If we analyze them in detail, we can spot some of the former drivers’ behaviors: they tend to “block” lanes, managing more than one matter at a time, waiting for one of them to become “high” in the top management’s mind, to fill the hole and advance faster than the rest. Probably they didn’t see it beforehand; they block the way to others so they can’t use the holes even if they saw it. But the “blockers” succeed. Is that a winning behavior?

Back to the driving example. Suppose all the street lines are erased so everybody can go wherever they want. I think that there will be a real mess and the whole traffic will become slower than before. Lot slower. The only reason to the success of the “blocking” strategy is that there is much more people that respect the rules than people that block lanes. In the enterprise example, what would happen if all of us do whatever we want, and do not follow the rules? That is, not to do our chores, our assigned tasks, just because we are doing a lot of things to block other’s lanes.

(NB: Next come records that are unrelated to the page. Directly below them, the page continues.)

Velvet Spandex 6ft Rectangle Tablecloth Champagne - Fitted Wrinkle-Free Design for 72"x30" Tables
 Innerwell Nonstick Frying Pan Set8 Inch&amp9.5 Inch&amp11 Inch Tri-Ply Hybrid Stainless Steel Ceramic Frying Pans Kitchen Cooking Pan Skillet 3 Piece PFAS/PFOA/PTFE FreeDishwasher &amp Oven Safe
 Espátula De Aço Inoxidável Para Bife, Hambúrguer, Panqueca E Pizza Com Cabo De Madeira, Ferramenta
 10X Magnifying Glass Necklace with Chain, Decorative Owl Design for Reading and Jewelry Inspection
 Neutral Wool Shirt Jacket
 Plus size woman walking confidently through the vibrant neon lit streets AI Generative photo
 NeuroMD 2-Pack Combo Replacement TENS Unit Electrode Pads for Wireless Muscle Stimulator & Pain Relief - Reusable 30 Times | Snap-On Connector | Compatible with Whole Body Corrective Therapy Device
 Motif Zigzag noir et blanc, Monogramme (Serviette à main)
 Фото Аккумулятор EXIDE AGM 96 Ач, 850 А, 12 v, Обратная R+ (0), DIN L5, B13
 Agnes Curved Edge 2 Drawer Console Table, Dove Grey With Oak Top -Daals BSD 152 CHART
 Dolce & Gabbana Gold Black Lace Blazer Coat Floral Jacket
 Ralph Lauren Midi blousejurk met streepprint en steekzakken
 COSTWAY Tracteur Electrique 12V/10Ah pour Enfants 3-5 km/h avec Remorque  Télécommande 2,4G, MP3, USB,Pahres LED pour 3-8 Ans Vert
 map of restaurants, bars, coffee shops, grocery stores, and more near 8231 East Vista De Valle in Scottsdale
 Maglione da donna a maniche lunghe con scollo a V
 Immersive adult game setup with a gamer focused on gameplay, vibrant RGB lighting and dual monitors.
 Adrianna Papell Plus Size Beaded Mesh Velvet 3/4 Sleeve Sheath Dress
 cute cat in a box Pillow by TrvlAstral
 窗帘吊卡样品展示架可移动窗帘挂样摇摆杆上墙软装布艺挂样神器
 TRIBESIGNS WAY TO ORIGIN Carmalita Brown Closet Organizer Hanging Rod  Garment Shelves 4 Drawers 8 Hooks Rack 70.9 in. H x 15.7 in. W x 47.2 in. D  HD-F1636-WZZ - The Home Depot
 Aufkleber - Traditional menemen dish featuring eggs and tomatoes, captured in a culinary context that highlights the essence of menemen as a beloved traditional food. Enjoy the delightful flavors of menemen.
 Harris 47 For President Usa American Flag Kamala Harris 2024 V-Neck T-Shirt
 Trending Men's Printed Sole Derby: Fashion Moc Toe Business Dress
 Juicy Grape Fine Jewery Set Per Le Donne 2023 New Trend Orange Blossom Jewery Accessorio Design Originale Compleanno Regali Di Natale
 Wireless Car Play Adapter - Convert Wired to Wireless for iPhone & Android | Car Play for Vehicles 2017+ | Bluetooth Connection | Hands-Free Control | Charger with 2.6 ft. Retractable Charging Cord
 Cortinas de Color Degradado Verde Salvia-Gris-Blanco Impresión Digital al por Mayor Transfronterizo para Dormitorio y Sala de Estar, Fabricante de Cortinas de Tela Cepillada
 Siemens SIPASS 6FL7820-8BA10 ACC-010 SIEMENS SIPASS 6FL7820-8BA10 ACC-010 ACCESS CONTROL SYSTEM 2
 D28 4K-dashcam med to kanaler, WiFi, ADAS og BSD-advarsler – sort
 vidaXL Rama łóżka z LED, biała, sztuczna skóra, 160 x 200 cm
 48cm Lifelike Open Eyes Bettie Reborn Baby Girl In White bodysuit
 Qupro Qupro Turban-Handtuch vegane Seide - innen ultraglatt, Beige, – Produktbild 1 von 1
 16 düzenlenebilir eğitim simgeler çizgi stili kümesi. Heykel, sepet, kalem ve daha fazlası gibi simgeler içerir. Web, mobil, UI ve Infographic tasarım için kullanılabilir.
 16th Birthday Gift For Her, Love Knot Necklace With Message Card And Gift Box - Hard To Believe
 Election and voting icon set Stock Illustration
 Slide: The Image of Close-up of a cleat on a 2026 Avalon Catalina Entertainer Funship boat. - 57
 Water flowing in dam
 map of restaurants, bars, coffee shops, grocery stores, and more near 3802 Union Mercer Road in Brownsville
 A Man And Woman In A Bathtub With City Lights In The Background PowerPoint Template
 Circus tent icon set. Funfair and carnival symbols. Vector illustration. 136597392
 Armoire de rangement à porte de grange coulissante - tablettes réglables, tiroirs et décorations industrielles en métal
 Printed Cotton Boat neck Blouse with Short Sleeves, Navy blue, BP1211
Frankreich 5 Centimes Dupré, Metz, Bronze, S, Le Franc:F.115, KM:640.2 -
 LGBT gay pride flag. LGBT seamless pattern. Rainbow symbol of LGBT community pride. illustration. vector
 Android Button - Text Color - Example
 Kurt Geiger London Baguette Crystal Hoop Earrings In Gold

There will be always people that break the rules, people that prefer to excuse rather than asking for permission to do things. And sometimes it is a good strategy, not only for them but for the whole company; for example, when they “block” the way to someone that really prefer not to do his assigned task. But for the company, the best strategy is to have people assigned to every function that is needed, and to be the assigned person to do the assigned tasks. If everybody start to do what they want, the whole company will slow down.


    Diego :D

Bringing down your image


I was going to my parents home, using the highway, as I mentioned in other blog entry. I was ahead of my schedule, so I was not hurry as other times; that means I was on the second or third lane, out of six. A small truck started to get near me, and the driver did not slow down until he was at no more than about two meters from me. Going at more than 60 mph, this was too close, for me and for everyone. There was almost no traffic, but the driver decided that I must move to another lane, instead of he moving to the left lane to overpass me. He put my kids and myself on danger, and really pissed me off.

It was a high stress moment. I reacted very bad and cursed the driver even with the kids in the car. After a while, having left the highway, I calmed down and, strangely, I remembered the phone number written in the front of the truck. I called and described my point, and the company told me they would talk to the driver. And there is more: I remembered the name of the company. From that moment, a company I will never use or recomend, even after the promise they made to me.

The image is a powerful but ephemeral concept. You can be a model of good behavior for years, and a small mistake is enough to go back to square one.

Companies, specially those who address a big portion of the population, seek, and need, acceptance of the society. They use a lot of means to achieve it, but the one of the first ones is showing the people that they are also part of the society. That includes that they will not do to the others what they do not like done to them.

You can not buy image. Image is constructed around a lot of aspects, some very concise and some than can be seen in an indirect form, but the number of repetitions is far larger than the others. In the case I mentioned at the beginning, an action from an employee affected the image of that company so negatively in my mind, that I will hardly choose that company in the event I need their services. The act was an employee reaction in the street, or with a client, or with a future client, an act that repeats a lot of times per day per employee. It is named as the “truth moment” in the theory: the moment an employee meets a client.

It is not enough to advertise, demonstrate civic responsibility, do donations or implement social help plans; if your employees are not aligned with the social responsibility that the company is claiming for, the image is negatively affected. It is like a policeman dressed in his uniform not acting in a robbery because he is not in service; just because he is dressing the uniform, he is seen as a policeman and must act like it is expected. In terms of image, one must be completely coherent. If a person is associated with your company by his uniform or by the tools he is working with, including the car he is driving, being him or not your employee, being or not in working hours, can affect the image of the whole company. It can be a positive or negative effect, but we all know that is more easy to see and spread the word about a negative action than a positive one. Is a manager responsibility to teach the team how to behave if they are seen as employees of the company.

As you can see, it is not enough to train the “Customer care” employees in the way they must behave in the name of the company. In fact, anyone in the company that talks on behalf of his employer can be seen as a representant of the company, and his word can influence people to construct, or destroy, the image they have about the company. Every little act counts.